#### Exercise material
· · · · · · ·

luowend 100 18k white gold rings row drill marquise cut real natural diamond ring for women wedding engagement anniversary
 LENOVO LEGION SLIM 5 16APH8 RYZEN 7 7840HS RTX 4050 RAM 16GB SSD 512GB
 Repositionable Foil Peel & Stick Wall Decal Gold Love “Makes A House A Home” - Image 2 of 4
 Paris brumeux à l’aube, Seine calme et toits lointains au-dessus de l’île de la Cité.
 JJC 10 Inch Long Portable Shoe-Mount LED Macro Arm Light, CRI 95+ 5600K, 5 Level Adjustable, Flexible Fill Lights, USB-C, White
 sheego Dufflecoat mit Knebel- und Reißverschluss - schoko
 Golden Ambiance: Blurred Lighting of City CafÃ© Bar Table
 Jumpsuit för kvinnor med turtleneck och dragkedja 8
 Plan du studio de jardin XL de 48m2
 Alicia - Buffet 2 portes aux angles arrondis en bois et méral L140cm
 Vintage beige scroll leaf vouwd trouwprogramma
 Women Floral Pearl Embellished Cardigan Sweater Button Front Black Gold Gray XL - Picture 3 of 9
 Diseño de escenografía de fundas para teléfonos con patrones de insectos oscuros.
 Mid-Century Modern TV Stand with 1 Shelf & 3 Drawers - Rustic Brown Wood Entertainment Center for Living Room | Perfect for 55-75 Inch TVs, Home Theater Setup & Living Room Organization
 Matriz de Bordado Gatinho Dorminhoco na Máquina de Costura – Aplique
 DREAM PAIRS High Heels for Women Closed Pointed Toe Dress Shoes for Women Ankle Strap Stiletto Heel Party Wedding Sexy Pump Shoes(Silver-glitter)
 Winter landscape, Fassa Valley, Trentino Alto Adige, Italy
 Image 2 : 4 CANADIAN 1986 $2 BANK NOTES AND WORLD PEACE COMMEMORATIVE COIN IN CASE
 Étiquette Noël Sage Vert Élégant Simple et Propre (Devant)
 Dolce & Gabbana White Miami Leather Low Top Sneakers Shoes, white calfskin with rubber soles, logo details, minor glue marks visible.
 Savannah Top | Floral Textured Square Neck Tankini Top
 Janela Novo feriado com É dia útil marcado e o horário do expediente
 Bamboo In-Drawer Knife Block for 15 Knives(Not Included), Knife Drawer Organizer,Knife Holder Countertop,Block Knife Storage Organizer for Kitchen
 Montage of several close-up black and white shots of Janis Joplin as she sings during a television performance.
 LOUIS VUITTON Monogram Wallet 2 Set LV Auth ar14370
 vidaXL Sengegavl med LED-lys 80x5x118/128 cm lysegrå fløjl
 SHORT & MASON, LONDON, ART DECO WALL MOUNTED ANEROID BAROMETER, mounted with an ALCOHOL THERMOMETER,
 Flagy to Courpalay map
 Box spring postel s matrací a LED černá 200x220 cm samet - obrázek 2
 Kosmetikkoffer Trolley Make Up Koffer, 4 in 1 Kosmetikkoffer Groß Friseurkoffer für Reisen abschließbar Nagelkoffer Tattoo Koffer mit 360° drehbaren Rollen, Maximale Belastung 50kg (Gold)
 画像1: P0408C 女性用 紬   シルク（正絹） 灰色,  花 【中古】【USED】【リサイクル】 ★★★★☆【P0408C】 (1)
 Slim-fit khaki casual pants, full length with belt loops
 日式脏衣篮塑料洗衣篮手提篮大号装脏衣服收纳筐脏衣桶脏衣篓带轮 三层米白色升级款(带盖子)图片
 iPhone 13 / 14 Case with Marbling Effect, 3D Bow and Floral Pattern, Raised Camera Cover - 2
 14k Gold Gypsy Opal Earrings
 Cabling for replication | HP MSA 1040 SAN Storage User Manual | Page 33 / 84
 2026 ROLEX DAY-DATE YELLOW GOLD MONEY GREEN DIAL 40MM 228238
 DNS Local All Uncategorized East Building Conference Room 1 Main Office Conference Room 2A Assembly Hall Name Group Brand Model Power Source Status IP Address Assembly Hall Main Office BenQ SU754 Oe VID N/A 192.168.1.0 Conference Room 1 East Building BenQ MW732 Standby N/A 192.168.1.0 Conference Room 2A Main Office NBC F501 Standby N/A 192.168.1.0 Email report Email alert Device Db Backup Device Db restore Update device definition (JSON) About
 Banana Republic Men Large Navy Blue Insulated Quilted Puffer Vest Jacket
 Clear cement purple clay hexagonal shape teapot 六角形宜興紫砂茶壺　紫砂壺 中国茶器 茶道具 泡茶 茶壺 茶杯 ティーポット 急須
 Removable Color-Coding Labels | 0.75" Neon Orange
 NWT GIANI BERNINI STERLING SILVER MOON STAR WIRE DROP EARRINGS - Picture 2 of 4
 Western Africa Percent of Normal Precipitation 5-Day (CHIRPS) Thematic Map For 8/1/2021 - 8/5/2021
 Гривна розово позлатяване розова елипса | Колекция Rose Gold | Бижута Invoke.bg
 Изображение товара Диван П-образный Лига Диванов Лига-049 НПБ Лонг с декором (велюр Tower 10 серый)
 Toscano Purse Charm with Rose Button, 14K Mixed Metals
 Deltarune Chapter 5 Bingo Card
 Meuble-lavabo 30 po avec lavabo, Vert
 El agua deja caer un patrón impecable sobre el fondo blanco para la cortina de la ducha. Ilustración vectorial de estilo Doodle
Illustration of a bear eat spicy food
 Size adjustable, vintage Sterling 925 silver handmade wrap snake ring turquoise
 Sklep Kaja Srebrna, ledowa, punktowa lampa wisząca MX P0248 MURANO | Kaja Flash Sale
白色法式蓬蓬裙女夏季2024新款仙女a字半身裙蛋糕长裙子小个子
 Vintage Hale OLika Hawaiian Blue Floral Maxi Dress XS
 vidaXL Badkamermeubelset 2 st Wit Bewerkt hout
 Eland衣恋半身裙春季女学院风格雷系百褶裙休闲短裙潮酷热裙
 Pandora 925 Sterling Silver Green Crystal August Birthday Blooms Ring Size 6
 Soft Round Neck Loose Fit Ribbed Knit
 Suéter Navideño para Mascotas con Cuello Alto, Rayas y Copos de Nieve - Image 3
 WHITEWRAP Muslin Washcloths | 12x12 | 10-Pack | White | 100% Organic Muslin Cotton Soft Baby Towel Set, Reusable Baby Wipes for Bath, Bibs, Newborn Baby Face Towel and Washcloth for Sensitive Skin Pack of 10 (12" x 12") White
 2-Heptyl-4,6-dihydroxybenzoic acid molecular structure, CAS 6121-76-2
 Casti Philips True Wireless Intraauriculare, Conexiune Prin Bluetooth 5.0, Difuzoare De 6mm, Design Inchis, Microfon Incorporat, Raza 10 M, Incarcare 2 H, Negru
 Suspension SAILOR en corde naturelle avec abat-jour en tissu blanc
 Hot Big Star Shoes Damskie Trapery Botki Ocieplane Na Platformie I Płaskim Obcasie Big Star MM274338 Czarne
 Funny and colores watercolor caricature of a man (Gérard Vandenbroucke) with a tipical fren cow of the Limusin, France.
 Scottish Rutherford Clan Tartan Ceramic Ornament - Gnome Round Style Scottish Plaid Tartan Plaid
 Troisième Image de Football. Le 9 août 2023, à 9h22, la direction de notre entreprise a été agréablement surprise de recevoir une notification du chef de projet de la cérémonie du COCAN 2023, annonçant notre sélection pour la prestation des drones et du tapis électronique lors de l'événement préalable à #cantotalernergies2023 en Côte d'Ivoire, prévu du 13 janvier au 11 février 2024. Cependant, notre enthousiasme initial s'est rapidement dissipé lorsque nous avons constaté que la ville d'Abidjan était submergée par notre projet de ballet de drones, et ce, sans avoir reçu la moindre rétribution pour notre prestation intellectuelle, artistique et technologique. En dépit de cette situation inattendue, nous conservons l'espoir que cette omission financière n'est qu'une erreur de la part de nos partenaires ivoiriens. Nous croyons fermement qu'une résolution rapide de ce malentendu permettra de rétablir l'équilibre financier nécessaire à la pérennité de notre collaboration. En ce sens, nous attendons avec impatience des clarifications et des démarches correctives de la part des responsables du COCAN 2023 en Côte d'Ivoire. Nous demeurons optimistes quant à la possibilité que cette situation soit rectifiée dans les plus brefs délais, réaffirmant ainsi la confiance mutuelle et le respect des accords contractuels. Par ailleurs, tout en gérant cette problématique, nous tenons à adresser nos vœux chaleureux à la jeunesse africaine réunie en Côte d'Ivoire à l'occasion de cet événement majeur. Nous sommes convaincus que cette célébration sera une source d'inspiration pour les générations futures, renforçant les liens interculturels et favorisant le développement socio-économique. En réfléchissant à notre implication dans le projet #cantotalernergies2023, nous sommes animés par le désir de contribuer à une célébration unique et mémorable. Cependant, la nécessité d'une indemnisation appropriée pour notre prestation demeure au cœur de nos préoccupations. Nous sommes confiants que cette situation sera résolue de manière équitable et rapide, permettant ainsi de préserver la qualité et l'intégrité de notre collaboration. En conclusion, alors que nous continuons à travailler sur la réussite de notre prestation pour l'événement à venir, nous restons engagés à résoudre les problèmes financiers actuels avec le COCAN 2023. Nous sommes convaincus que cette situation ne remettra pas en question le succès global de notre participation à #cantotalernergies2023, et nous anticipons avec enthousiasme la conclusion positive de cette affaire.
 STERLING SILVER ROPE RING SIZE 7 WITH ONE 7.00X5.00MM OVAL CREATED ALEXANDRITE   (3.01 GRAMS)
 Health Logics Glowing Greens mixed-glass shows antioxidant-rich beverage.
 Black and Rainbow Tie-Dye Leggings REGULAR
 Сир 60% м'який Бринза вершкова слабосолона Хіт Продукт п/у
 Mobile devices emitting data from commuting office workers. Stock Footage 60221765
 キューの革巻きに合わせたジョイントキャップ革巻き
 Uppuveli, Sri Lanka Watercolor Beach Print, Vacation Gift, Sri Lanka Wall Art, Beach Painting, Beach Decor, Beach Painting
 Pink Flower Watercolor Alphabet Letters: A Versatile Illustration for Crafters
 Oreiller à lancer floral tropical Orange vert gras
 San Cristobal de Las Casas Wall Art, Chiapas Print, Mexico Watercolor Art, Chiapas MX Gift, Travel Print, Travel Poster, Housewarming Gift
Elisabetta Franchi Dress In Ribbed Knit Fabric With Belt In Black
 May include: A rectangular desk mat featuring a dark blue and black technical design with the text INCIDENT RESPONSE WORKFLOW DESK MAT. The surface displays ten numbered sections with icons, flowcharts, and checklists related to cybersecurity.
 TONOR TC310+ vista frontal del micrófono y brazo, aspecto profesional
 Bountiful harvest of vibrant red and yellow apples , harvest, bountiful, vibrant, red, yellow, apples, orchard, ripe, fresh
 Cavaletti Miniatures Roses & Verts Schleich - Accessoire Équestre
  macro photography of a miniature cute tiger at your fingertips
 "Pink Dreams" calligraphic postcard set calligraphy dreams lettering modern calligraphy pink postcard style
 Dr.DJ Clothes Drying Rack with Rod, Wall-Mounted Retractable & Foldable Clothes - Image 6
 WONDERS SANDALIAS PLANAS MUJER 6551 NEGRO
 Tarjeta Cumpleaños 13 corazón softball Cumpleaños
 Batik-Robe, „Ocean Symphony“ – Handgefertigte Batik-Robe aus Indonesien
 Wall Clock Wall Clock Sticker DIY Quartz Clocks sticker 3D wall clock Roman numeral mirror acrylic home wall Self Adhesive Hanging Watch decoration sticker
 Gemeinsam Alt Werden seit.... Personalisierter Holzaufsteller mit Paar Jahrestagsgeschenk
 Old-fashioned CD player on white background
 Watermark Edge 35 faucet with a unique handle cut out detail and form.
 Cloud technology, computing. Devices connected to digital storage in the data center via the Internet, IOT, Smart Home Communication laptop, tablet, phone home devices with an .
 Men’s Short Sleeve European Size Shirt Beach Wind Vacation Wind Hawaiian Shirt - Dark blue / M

· · · · · · ·

#### Work instructions
Return, word for word, each line from the line that contains "Pink Flower Watercolor" to the end of the listing above; include both end lines and nothing else.

#### Written answer
 Pink Flower Watercolor Alphabet Letters: A Versatile Illustration for Crafters
 Oreiller à lancer floral tropical Orange vert gras
 San Cristobal de Las Casas Wall Art, Chiapas Print, Mexico Watercolor Art, Chiapas MX Gift, Travel Print, Travel Poster, Housewarming Gift
Elisabetta Franchi Dress In Ribbed Knit Fabric With Belt In Black
 May include: A rectangular desk mat featuring a dark blue and black technical design with the text INCIDENT RESPONSE WORKFLOW DESK MAT. The surface displays ten numbered sections with icons, flowcharts, and checklists related to cybersecurity.
 TONOR TC310+ vista frontal del micrófono y brazo, aspecto profesional
 Bountiful harvest of vibrant red and yellow apples , harvest, bountiful, vibrant, red, yellow, apples, orchard, ripe, fresh
 Cavaletti Miniatures Roses & Verts Schleich - Accessoire Équestre
  macro photography of a miniature cute tiger at your fingertips
 "Pink Dreams" calligraphic postcard set calligraphy dreams lettering modern calligraphy pink postcard style
 Dr.DJ Clothes Drying Rack with Rod, Wall-Mounted Retractable & Foldable Clothes - Image 6
 WONDERS SANDALIAS PLANAS MUJER 6551 NEGRO
 Tarjeta Cumpleaños 13 corazón softball Cumpleaños
 Batik-Robe, „Ocean Symphony“ – Handgefertigte Batik-Robe aus Indonesien
 Wall Clock Wall Clock Sticker DIY Quartz Clocks sticker 3D wall clock Roman numeral mirror acrylic home wall Self Adhesive Hanging Watch decoration sticker
 Gemeinsam Alt Werden seit.... Personalisierter Holzaufsteller mit Paar Jahrestagsgeschenk
 Old-fashioned CD player on white background
 Watermark Edge 35 faucet with a unique handle cut out detail and form.
 Cloud technology, computing. Devices connected to digital storage in the data center via the Internet, IOT, Smart Home Communication laptop, tablet, phone home devices with an .
 Men’s Short Sleeve European Size Shirt Beach Wind Vacation Wind Hawaiian Shirt - Dark blue / M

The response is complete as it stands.